In March, Forever 21, a large U.S. fast fashion retailer, filed for the second bankruptcy protection since 2019. Forever 21 is a brand founded by Korean-Americans who moved to California from Korea in the 1980s.
Once a brand offering affordable and stylish clothing, it grew rapidly, gaining popularity among young people. In 2016, at its peak, it operated 500 stores in the U.S. and 800 stores worldwide. However, after the pandemic, the online shopping market grew rapidly and the decline of large shopping malls in the U.S. accelerated, leading to worsening business management. Forever 21 is not the only American fashion company that has declined due to online shopping. Famous brands such as J-Crew, Gap, and Brooks Brothers are also on the verge of bankruptcy, but are struggling to revive themselves.

The global fashion industry seemed to survive only fast fashion companies that effectively combined online and offline like Zara and Uniqlo and platforms that swept the world online like Shein.
However, there are brands that are on a roll in Europe and the U.S. while not selling online but only operating offline stores. Primark, a fashion brand that sprouted in Ireland and blossomed in the UK.

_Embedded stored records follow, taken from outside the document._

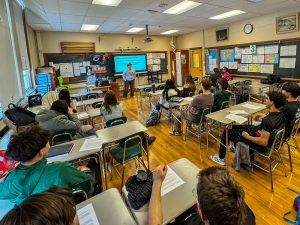 A classroom full of students sits at individual desks facing a teacher who is standing at the front of the room next to a projected slide. The room is decorated with student artwork, posters, and classroom materials, and the students appear to be engaged in a lesson.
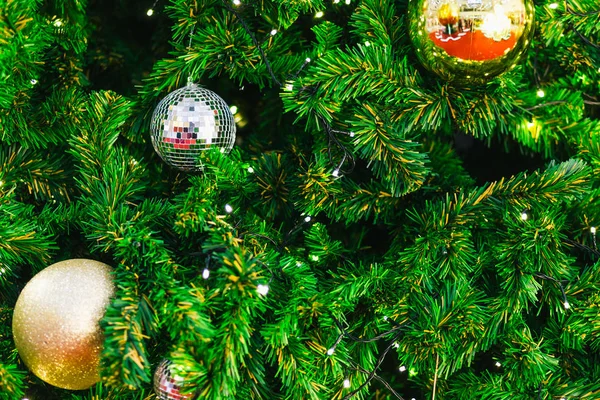 Closeup of Colorful balls on Green Christmas tree background Dec — Stock Photo, Image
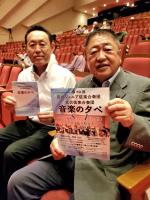 客席に座り、「音楽の夕べ」のパンフレットを手に持っている市長と関係者の写真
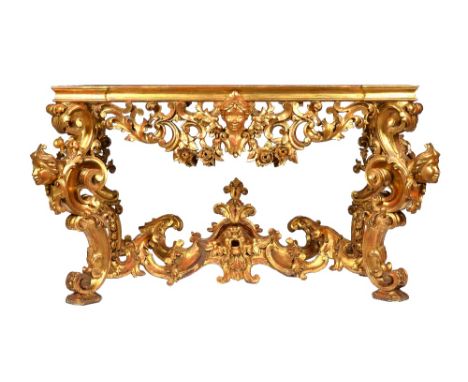 A 19th century carved giltwood console table base of 18th century design, the rectangular top lacking marble, over a carved a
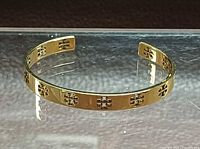Full view of bracelet upright showing exterior logos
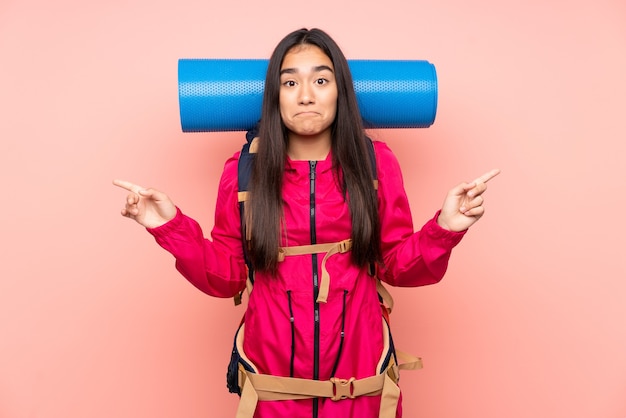 Jovem índia alpinista com uma mochila grande isolada em um fundo rosa apontando para as laterais tendo dúvidas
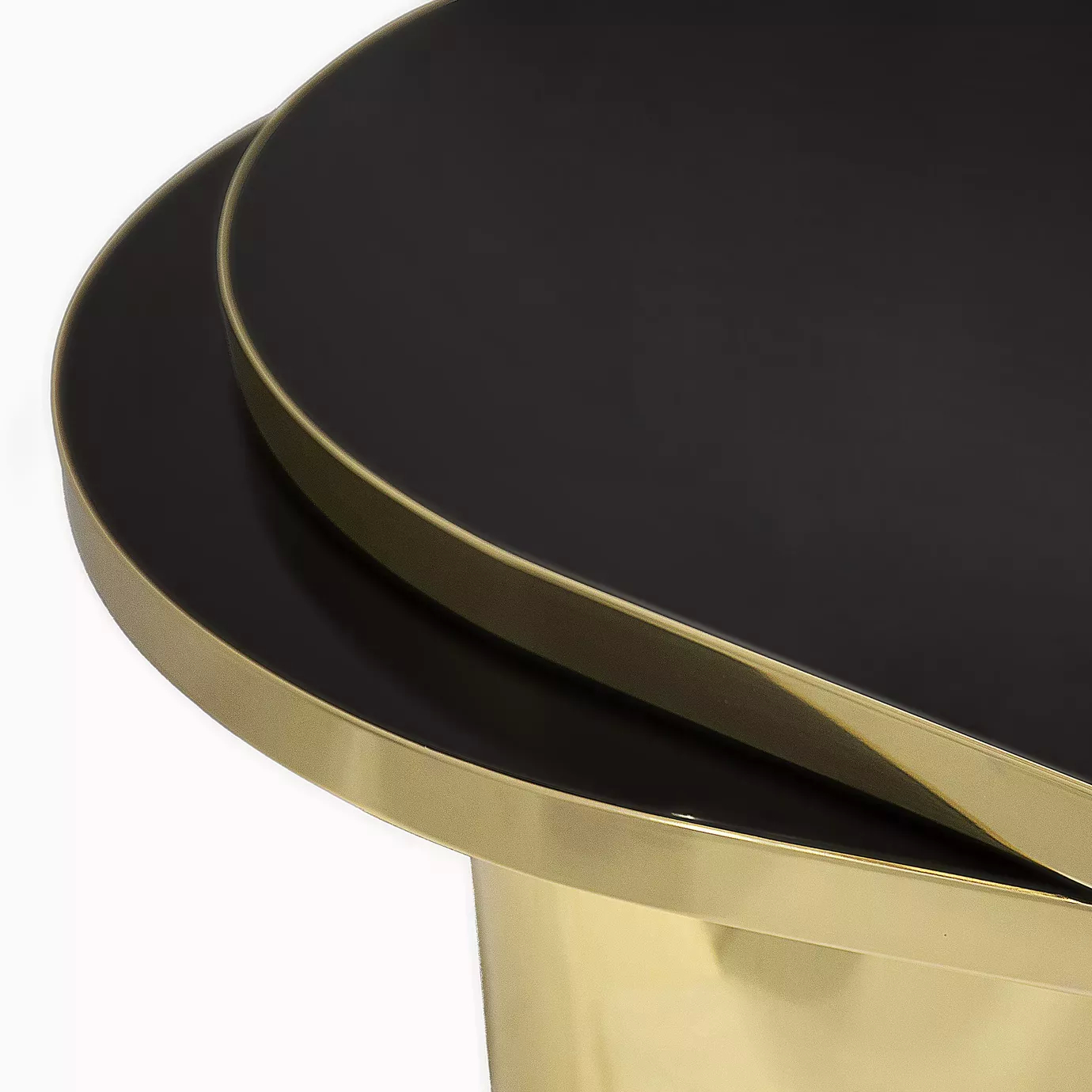 Detail of the two-tiered black top of the elegant Tears coffee table in polished brass.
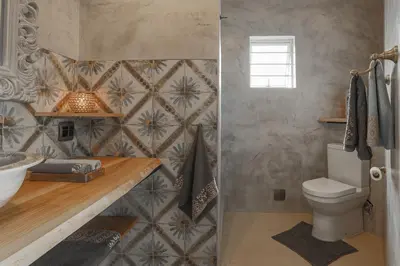 a bathroom with a toilet and a sink at YEBO Boutique Guesthouse in Somerset West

As of March this year, Primark has 459 stores in 17 countries around the world. In the U.S., it plans to open its 31st store in Memphis later this month. In 2019, before the COVID-19 pandemic, it had nine stores in the U.S.
Primark uses its strategy of sewing and selling clothes through super-sized offline stores. It sells t-shirts and pants in the 10,000 to 20,000 won range. Online sales are expensive to pack, deliver, and return, and we don’t deal with them as being difficult to manage inventory.
Only in the UK, we offer a Click & Collect service where you order online and pick it up in brick-and-mortar stores. This is to encourage you to visit the store so that you can pick up your clothes and then purchase additional products.
We don’t do costly general advertisements, but actively market influencer on social media. In the UK, the word “pri-mania” has also been coined to refer to someone who loves Primark. Primark’s parent company is Associated British Foods, a British food and beverage company. Out of total sales of 9.59 billion pounds in the first half of fiscal 2025 (September 2024-March 1, 2025) the clothing retail sector accounted for nearly half of the total sales of 4.472 billion pounds. The company name Food feels awkward.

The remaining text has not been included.